Toblerone vs. Poundland: A Food Fight With Peaks and Troughs

LONDON — Call it the candy bar war that peaked.

When the makers of the distinctive Swiss confection Toblerone reconfigured their triangular treat last year to slim down its hallmark summits and widen the valleys between them, a potential rival — Britain’s Poundland discount chain — saw a niche in the market.

What Poundland perhaps did not anticipate was the battle of the brands that kept its new offering off the shelves while the owners of Toblerone, the giant American conglomerate Mondelez International, challenged the British company’s right to make a candy bar that looked so similar. Only in October did a three-month bout of legal arm-wrestling draw to an end. And only this week did Poundland’s bars hit the shelves — though not quite in the way the British chain had intended, and not, in their current shape at least, for long.

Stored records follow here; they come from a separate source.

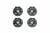 ALUMINUM WHEEL LOCK -4PC SET black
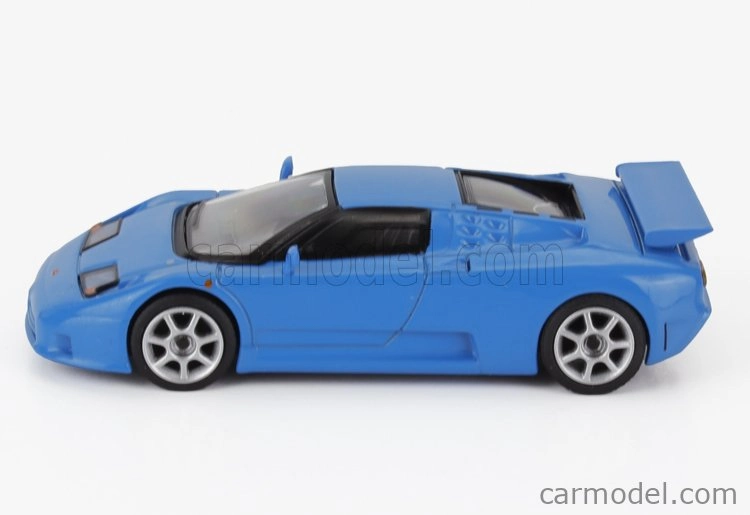 Mini-gt Bugatti Eb110 Super Sport 1995 1:64 Modrá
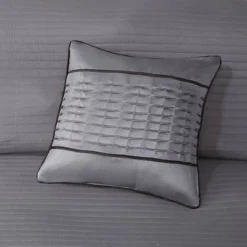 6pc Harmony Jacquard Reversible Quilt Set Gray/Taupe - Madison Park -Madison Park GUEST bf8d0662 49db 4dea b38f 6cc0223f3bd8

So what was all the fuss about?

Like Toblerone, Poundland’s version has peaks and troughs. It, too, originally came swathed in a golden wrapper with red lettering. But while the classic Toblerone bars had become lighter in weight in the reconfiguring — though their price remained the same — Poundland’s bar would be chunkier and cheaper, at one pound, or about $1.35, each.

Not, of course, that this was some crude copycat. If, as some contend, Toblerone was modeled on the soaring pyramid of a mountain — the Matterhorn on the Italian-Swiss border, which is about 14,690 feet high — Poundland’s bar was said to have been inspired by two less vertiginous hills in the English county of Shropshire near the border with Wales — the Ercall, at 460 feet, and the Wrekin, at 1,335 feet.

Hence the shape of the Poundland bar, with a double set of summits between each valley.

And hence its name: Twin Peaks, with what Poundland called “a distinctive British flavor compared to Toblerone’s Swiss chocolate nougat.”

Not only that, Poundland asserted, Toblerone had lost its right to exclusivity since it had ceased to be distinctive enough to claim a valid trademark.

Mondelez hit back: Toblerone, it said, was “one of the most loved, unique, best-value Swiss-made chocolate products in the world. Its high quality special Swiss recipe and triangular peaks have been delighting people around the world since 1908, and we believe will continue to do so for future generations of chocolate lovers too.”

Nonetheless, there was some compromise.

Poundland, part of the multinational retailer Steinhoff International, had delayed introducing the bar in July. But, after negotiations with Mondelez, it was permitted to begin selling in its nearly 900 stores on Monday the 500,000 bars already in production — provided it changed the background color of their wrappers from gold to blue. And the lettering was changed: to gold, from the original red.

Once the initial 500,000 bars have been sold, Poundland said in a news release, it will “revise the shape” so that the bar “better represents the outline of the Wrekin and Ercall hills.”